统计聚合

编辑

一个 多值 度量聚合,用于计算从聚合文档中提取的数值的统计信息。

返回的统计信息包括:min(最小值)、max(最大值)、sum(总和)、count(计数)和 avg(平均值)。

假设数据由代表学生考试成绩(介于 0 到 100 之间)的文档组成。

resp = client.search(
    index="exams",
    size="0",
    aggs={
        "grades_stats": {
            "stats": {
                "field": "grade"
            }
        }
    },
)
print(resp)
response = client.search(
  index: 'exams',
  size: 0,
  body: {
    aggregations: {
      grades_stats: {
        stats: {
          field: 'grade'
        }
      }
    }
  }
)
puts response
const response = await client.search({
  index: "exams",
  size: 0,
  aggs: {
    grades_stats: {
      stats: {
        field: "grade",
      },
    },
  },
});
console.log(response);
POST /exams/_search?size=0
{
  "aggs": {
    "grades_stats": { "stats": { "field": "grade" } }
  }
}

上述聚合计算所有文档的成绩统计信息。

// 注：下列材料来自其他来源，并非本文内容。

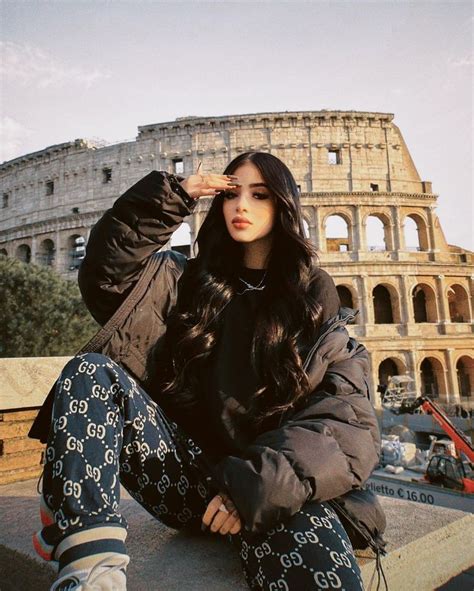 A Woman Sitting On The Ground In Front Of An Old Building And Looking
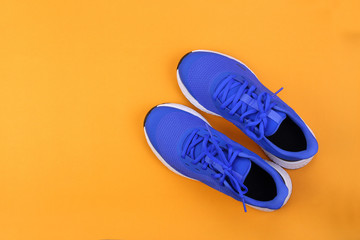 Wall Mural - Top view blue running shoes on orange pastel background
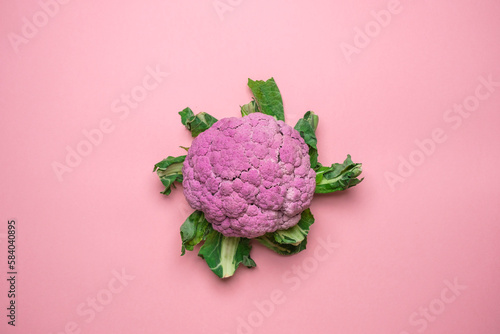 Pink cauliflower on a pink background. Cool minimal flat lay, copy space. (ID: 584040895)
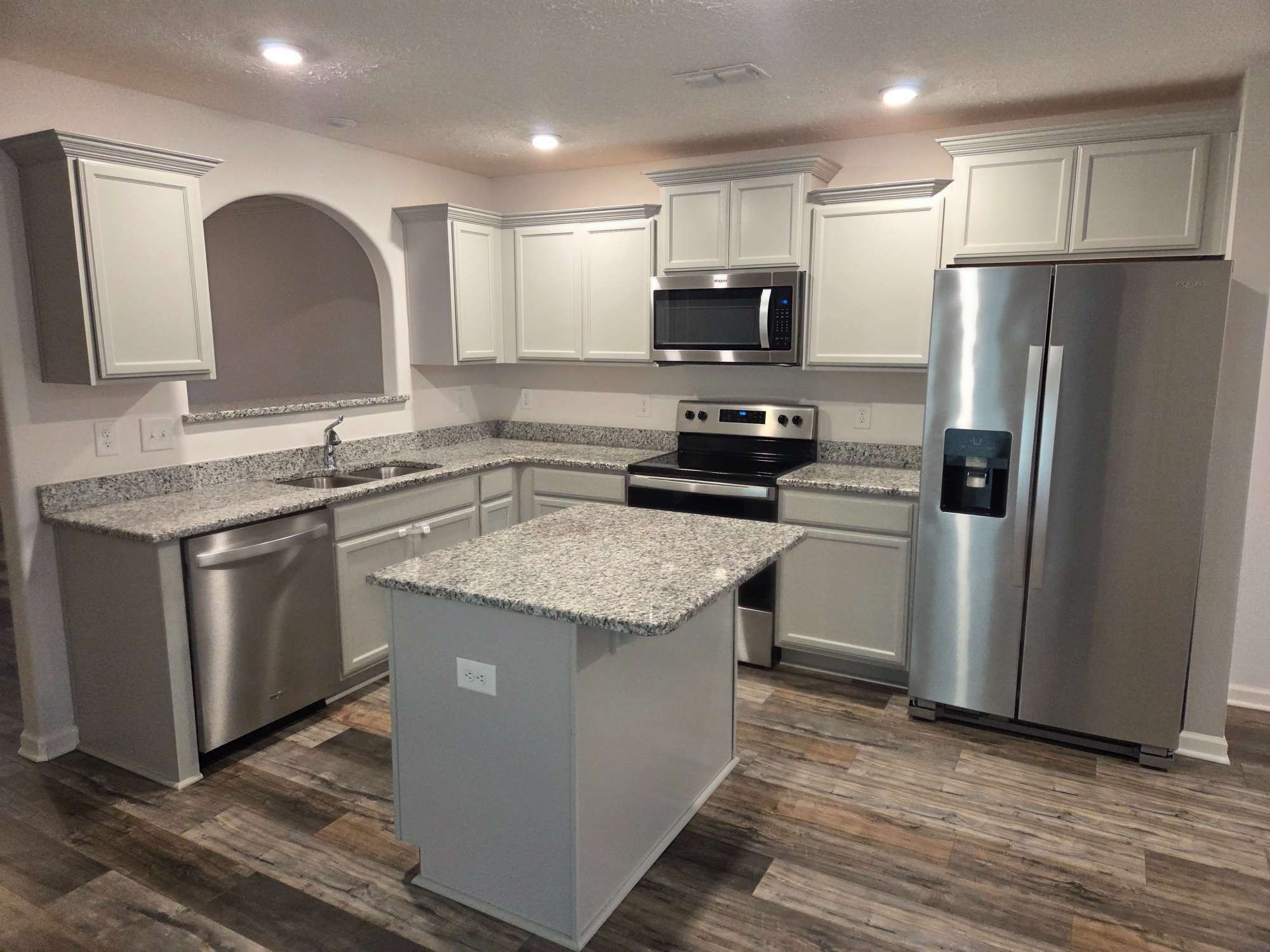 1709 Calypso Drive Murfreesboro, TN 37128 - Photo 4 of 16 a kitchen with stainless steel appliances granite countertop a sink stove and refrigerator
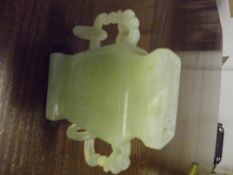 Small carved jade lidded vase with ringlets, resto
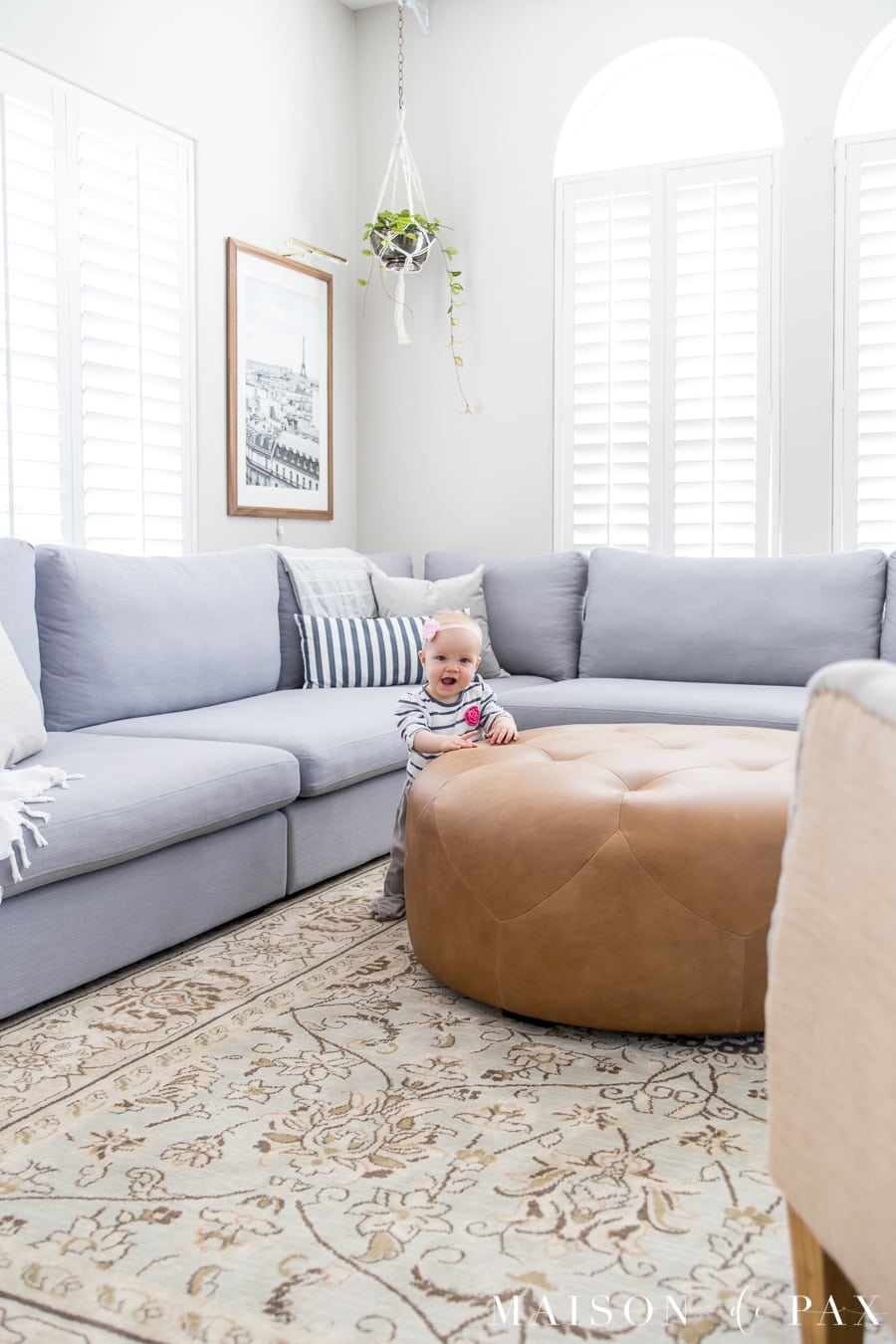 Bright living room design with sectional- Maison de Pax
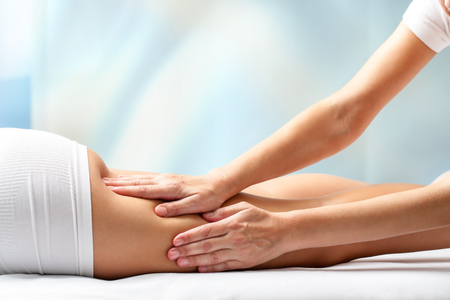 Therapist massaging upper back part of female leg. Hands applying pressure on hamstrings.の写真素材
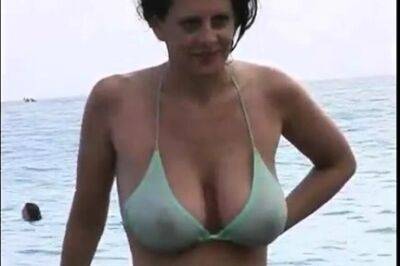 Hot MILF at beach in bikini - drtuber.com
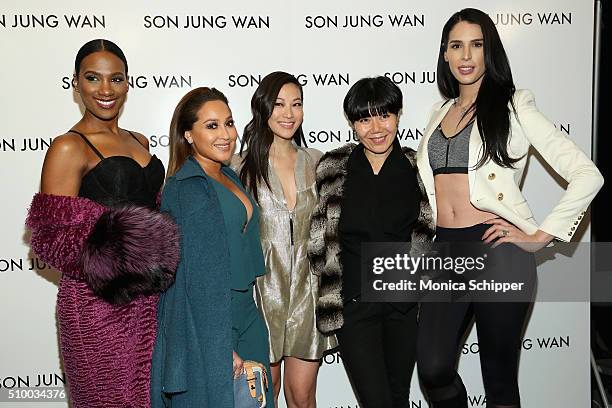 Vicky Jeudy, Adrienne Bailon, Arden Cho, Son Jung Wan, and Carmen Carrera pose backstage at Son Jung Wan Fall 2016 fashion show during New York...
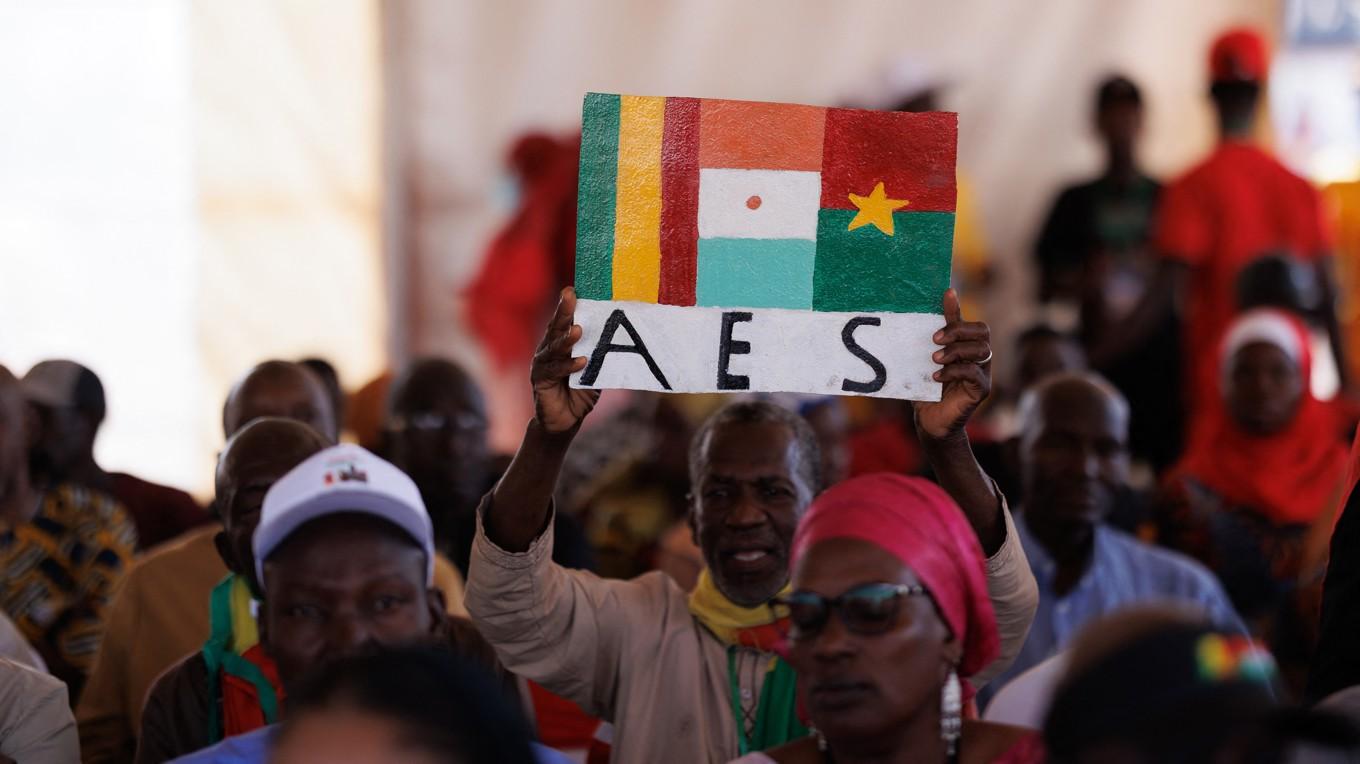 En man i Mali håller upp en skylt till stöd för det nya samarbetet AES för att fira att Mali, Niger och Burkina Faso dragit sig ur samarbetet Ecowas och bildat den nya organisationen. Foto: Gousno/AFP via Getty Images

聚合类型为 statsfield 设置定义了将计算统计信息的文档的数值字段。上述操作将返回以下内容

{
  ...

  "aggregations": {
    "grades_stats": {
      "count": 2,
      "min": 50.0,
      "max": 100.0,
      "avg": 75.0,
      "sum": 150.0
    }
  }
}

聚合的名称(上面的 grades_stats)也充当从返回的响应中检索聚合结果的键。

脚本

编辑

如果您需要获取比单个字段更复杂的 stats,请在运行时字段上运行聚合。

resp = client.search(
    index="exams",
    size=0,
    runtime_mappings={
        "grade.weighted": {
            "type": "double",
            "script": "\n        emit(doc['grade'].value * doc['weight'].value)\n      "
        }
    },
    aggs={
        "grades_stats": {
            "stats": {
                "field": "grade.weighted"
            }
        }
    },
)
print(resp)
response = client.search(
  index: 'exams',
  body: {
    size: 0,
    runtime_mappings: {
      'grade.weighted' => {
        type: 'double',
        script: "\n        emit(doc['grade'].value * doc['weight'].value)\n      "
      }
    },
    aggregations: {
      grades_stats: {
        stats: {
          field: 'grade.weighted'
        }
      }
    }
  }
)
puts response
const response = await client.search({
  index: "exams",
  size: 0,
  runtime_mappings: {
    "grade.weighted": {
      type: "double",
      script:
        "\n        emit(doc['grade'].value * doc['weight'].value)\n      ",
    },
  },
  aggs: {
    grades_stats: {
      stats: {
        field: "grade.weighted",
      },
    },
  },
});
console.log(response);
POST /exams/_search
{
  "size": 0,
  "runtime_mappings": {
    "grade.weighted": {
      "type": "double",
      "script": """
        emit(doc['grade'].value * doc['weight'].value)
      """
    }
  },
  "aggs": {
    "grades_stats": {
      "stats": {
        "field": "grade.weighted"
      }
    }
  }
}

缺失值

编辑

missing 参数定义了应如何处理缺少值的文档。默认情况下,它们将被忽略,但也可以将它们视为具有值。

resp = client.search(
    index="exams",
    size="0",
    aggs={
        "grades_stats": {
            "stats": {
                "field": "grade",
                "missing": 0
            }
        }
    },
)
print(resp)
response = client.search(
  index: 'exams',
  size: 0,
  body: {
    aggregations: {
      grades_stats: {
        stats: {
          field: 'grade',
          missing: 0
        }
      }
    }
  }
)
puts response
const response = await client.search({
  index: "exams",
  size: 0,
  aggs: {
    grades_stats: {
      stats: {
        field: "grade",
        missing: 0,
      },
    },
  },
});
console.log(response);
POST /exams/_search?size=0
{
  "aggs": {
    "grades_stats": {
      "stats": {
        "field": "grade",
        "missing": 0      
      }
    }
  }
}

grade 字段中没有值的文档将与具有值 0 的文档落在同一个存储桶中。